PBGC warns of swelling deficit in multiemployer plansNews added by Benefits Pro on July 1, 2014
By Nick Thornton
The Pension Benefit Guarantee Corp. issued new projections Monday on the state of the nation’s defined benefit plans that were in part promising and in part disturbing.
The good news is that the financial condition of single-employer plans is greatly improved over last year’s projections.
According to the latest figures, the fiscal 2013 deficit of $27.4 billion is projected to narrow to $7.6 billion by fiscal 2023. Last year, the PBGC estimated a deficit of $32.5 billion for fiscal 2022.
Better market conditions, premium increases and a rise in interest rates account for the dramatically improved projections.
PBGC’s single-employer program insures the defined benefits of 32 million Americans. “It is highly unlikely that the single-employer program will run out of funds in the next 10 years,” the agency said in issuing Monday’s report.
On the other hand, the news for multiemployer plans wasn’t nearly as good.
While most multiemployer plans -- in which many companies join with a union to provide benefits -- are projected to remain solvent, the pension benefits of more than 10 percent of MEP participants are at serious risk, the PBGC said.
Two recessions, industry consolidation prompted by deregulation and an aging workforce have all been a drain on multiemployer plans.
The most distressed plans remain critically underfunded and are unable to raise contributions or reduce benefits enough to avoid insolvency, it said.
The PBGC is now projecting that insolvencies affecting more than 1 million of the 10.4 million beneficiaries in multiemployer plans are “more likely and more imminent.”
The failure of those distressed plans will drain the PBGC’s assets, ultimately threatening to leave remaining benefits uninsured, it said.
Absent premium increases or changes in law, the multiemployer program is “more likely than not to run out of funds in eight years, and highly likely to do so in 10 years,” the PBGC said.
Specifically, the report estimates a 59 percent chance of insolvency in the multiemployer program by 2022. Last year, the estimate was a 36 percent chance by the same time.
Much of that difference is explained by new methodologies the PBGC uses to estimate liabilities.
The PBGC commissioned Buck Consultants to assess the agency’s older evaluation model and to suggest changes, if necessary.
The consultancy recommended several revisions to the assumptions previous modeling had made.
Among them: The number of active plan participants should be assumed to decline in the future; participant and plan contributions should be assumed to increase at lower rates than previously assumed; projected outcomes should account for the fact that many plan trustees have decided not to adopt the full range of contribution increases and benefit adjustment allowed under current law.

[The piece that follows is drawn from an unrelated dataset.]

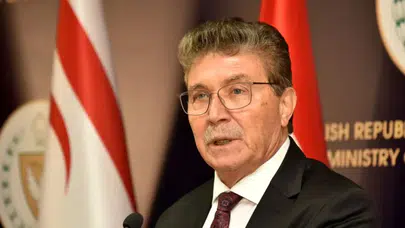 Başbakan Üstel: Rum tarafı şikayet etmek yerine doğal gaz ve enerji projelerinden yararlansın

Based on these considerations, and others embraced by the PBGC, “virtually all of our projections show a significant worsening of PBGC’s financial position over the next 10 years,” according to the report.
The multiemployer program’s deficit is expected to increase from the $8.3 billion projected for 2013 to $47 billion by fiscal 2023.
The PBGC charges companies in multiemployer plans an annual insurance premium of $12 per plan participant, less than one-fourth of what other pension plans pay.
As a consequence, PBGC multiemployer guarantees also are much lower than those in its single-employer program; typically, participants in a failed multiemployer program receive about $13,000 a year. If the PBGC’s multiemployer plan were to become insolvent, those guarantees would no doubt be cut even further.
The PBGC is hoping Congress will give it the authority to raise premiums. But a group of trade associations, professional organizations and companies released a study last month saying the premium increases would represent a hit of billions of dollars to the economy and cost an average of 42,000 jobs a year.